Partinin Kemalist kimliği seksensekiz yıllık Türk devletinin her aşamasında
ortaya çıkmış ve kesinlik kazanmıştır . Devlet kuran bir Kemalist parti olarak
Atatürk’ün partisi soğuk savaşın son dönemlerinde ortanın solu tartışmalarının
içine girmek durumunda kalmıştır . Yeni bir anayasa ile sosyal devlet yapısına
kavuşan Türkiye Cumhuriyetinde ilk kez bir Marksist parti seçimler yolu ile
5
parlamentoda temsil edilince, ülkedeki sola açılışa paralel olarak, Atatürk’ün
partisi de belirli bir tartışma sürecinden sonra kendi yerini ortanın solu olarak
ilan etmiştir.

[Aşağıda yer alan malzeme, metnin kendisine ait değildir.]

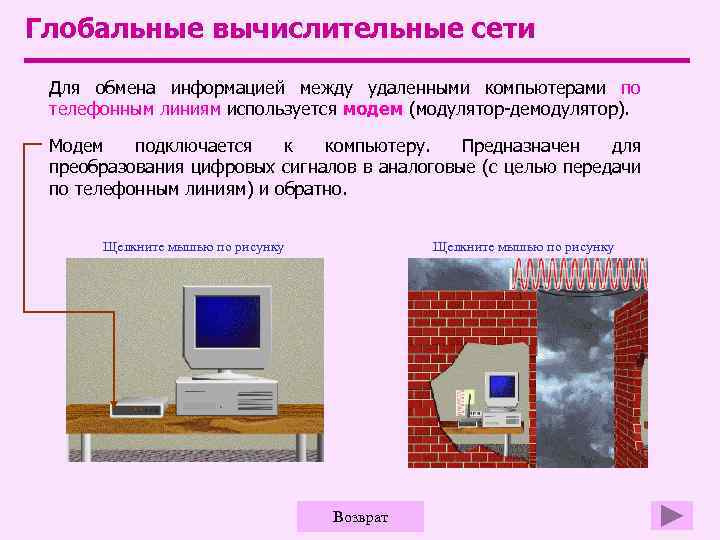 Схема работы модема используя понятия модем дискретный сигнал телефонная линия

Atlantik ötesinde yetişmiş olan bir gazetecinin önderliğinde
başlatılan yeni ortanın solu hareketi, Türkiye’de parlamentoya girmiş olan
Marksist partinin önünü kesmek üzere gündeme getirilmiş ve belirli aşamadan
sonra da Atatürk’ün Kemalist partisinin ana görüşü olarak benimsenmiştir.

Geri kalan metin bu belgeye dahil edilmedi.